Reproduce verbatim the final portion of the material below, from the line containing "Sarajevo Central Elegance" through its last line, and nothing else.

Provided material:

_____

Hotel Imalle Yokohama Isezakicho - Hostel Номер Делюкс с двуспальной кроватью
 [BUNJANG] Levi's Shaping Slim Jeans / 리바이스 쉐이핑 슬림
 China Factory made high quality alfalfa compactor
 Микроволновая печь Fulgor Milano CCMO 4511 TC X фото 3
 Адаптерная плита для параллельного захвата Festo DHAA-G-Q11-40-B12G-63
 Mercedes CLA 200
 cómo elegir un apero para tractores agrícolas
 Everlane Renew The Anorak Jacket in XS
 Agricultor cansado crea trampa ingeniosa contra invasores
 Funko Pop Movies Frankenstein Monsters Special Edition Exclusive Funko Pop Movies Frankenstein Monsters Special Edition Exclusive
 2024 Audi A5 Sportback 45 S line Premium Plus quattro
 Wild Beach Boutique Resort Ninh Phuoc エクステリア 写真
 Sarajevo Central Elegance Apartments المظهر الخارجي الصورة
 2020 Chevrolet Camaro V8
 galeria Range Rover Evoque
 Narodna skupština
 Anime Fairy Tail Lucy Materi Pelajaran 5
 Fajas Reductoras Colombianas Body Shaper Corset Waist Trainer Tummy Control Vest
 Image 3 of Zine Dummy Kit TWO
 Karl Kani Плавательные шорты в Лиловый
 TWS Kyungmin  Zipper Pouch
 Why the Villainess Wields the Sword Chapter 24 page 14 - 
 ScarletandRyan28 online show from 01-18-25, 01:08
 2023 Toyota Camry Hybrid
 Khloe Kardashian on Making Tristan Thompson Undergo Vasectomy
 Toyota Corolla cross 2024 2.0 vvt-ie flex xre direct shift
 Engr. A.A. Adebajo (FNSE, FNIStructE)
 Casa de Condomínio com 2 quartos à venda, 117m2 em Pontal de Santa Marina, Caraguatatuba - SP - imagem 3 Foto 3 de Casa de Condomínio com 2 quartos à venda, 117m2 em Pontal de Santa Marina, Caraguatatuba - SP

_____

Problem solution:
 Sarajevo Central Elegance Apartments المظهر الخارجي الصورة
 2020 Chevrolet Camaro V8
 galeria Range Rover Evoque
 Narodna skupština
 Anime Fairy Tail Lucy Materi Pelajaran 5
 Fajas Reductoras Colombianas Body Shaper Corset Waist Trainer Tummy Control Vest
 Image 3 of Zine Dummy Kit TWO
 Karl Kani Плавательные шорты в Лиловый
 TWS Kyungmin  Zipper Pouch
 Why the Villainess Wields the Sword Chapter 24 page 14 - 
 ScarletandRyan28 online show from 01-18-25, 01:08
 2023 Toyota Camry Hybrid
 Khloe Kardashian on Making Tristan Thompson Undergo Vasectomy
 Toyota Corolla cross 2024 2.0 vvt-ie flex xre direct shift
 Engr. A.A. Adebajo (FNSE, FNIStructE)
 Casa de Condomínio com 2 quartos à venda, 117m2 em Pontal de Santa Marina, Caraguatatuba - SP - imagem 3 Foto 3 de Casa de Condomínio com 2 quartos à venda, 117m2 em Pontal de Santa Marina, Caraguatatuba - SP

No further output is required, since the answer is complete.